**TO DO**.
For the entries below, the expected answer is the line with "2013 Nissan LEAF SL", the line with "Renault STX >Automaat<", and every line between them, exactly as written, and nothing more.

**DATA FOR ANALYSIS**.
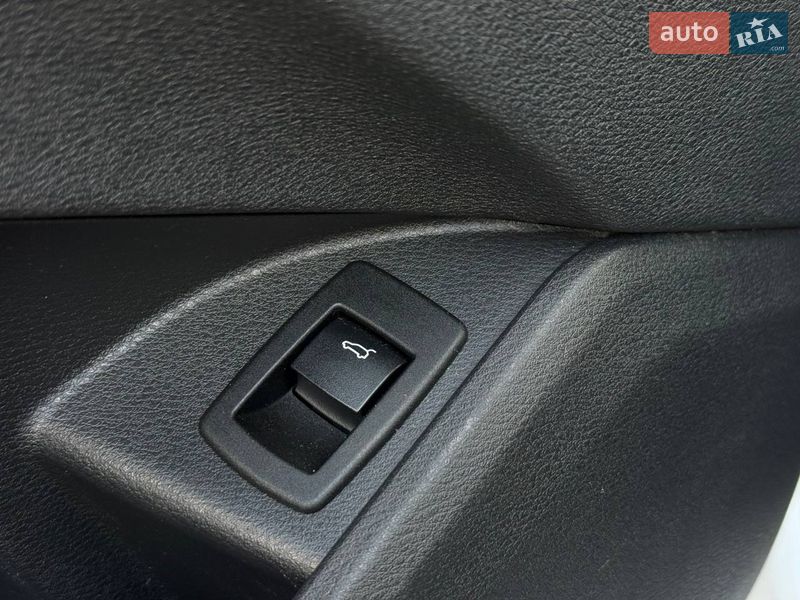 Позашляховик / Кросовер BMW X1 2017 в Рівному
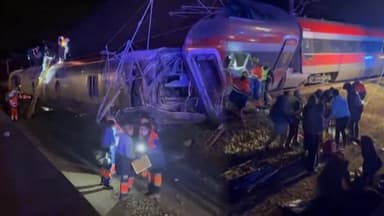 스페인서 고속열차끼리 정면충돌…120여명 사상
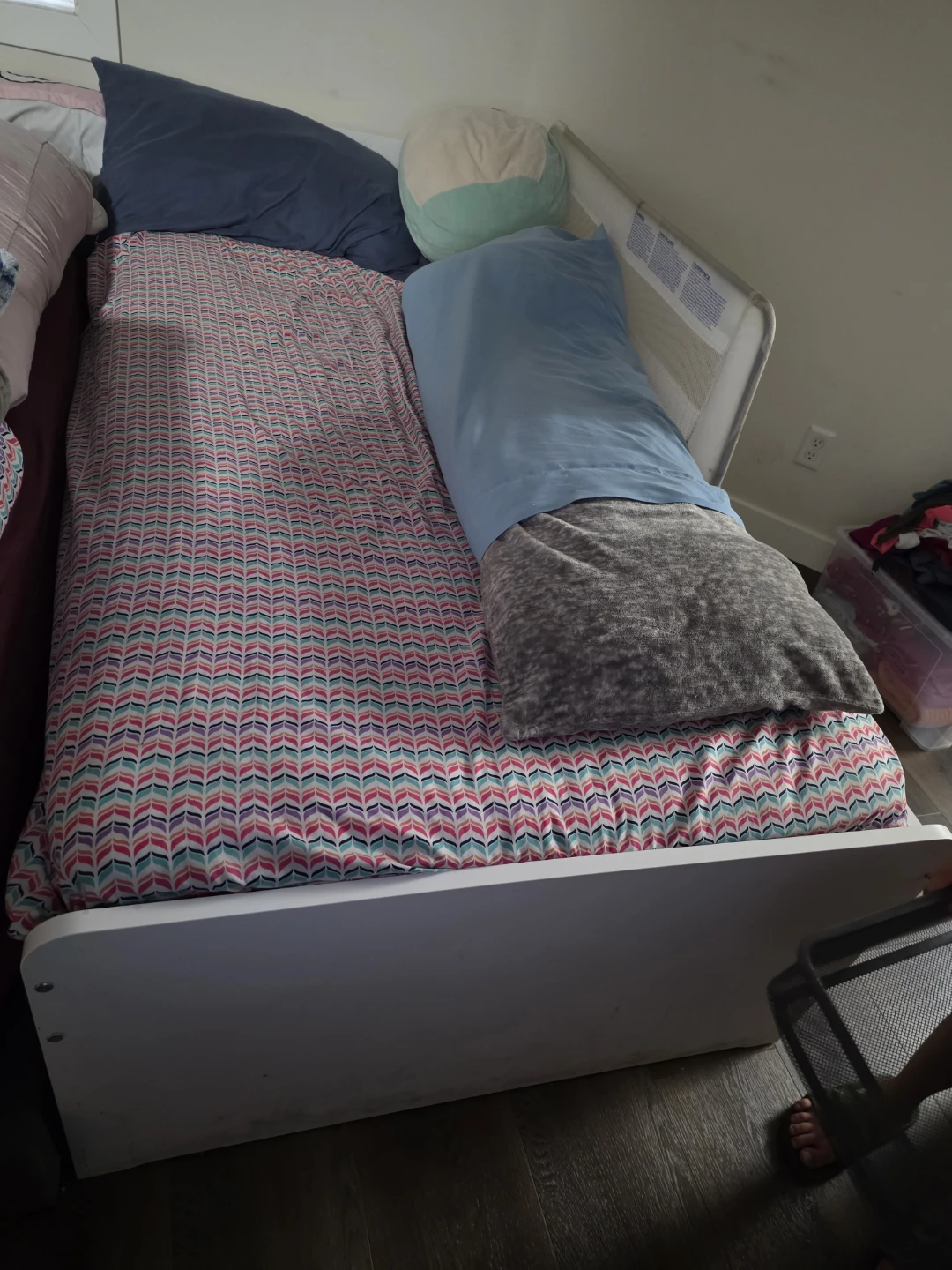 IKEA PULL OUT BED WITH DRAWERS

* * *

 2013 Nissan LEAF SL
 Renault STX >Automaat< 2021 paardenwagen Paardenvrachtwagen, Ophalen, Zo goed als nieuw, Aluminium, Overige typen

**SOLUTION TO THIS TASK**.
 2013 Nissan LEAF SL
 Renault STX >Automaat< 2021 paardenwagen Paardenvrachtwagen, Ophalen, Zo goed als nieuw, Aluminium, Overige typen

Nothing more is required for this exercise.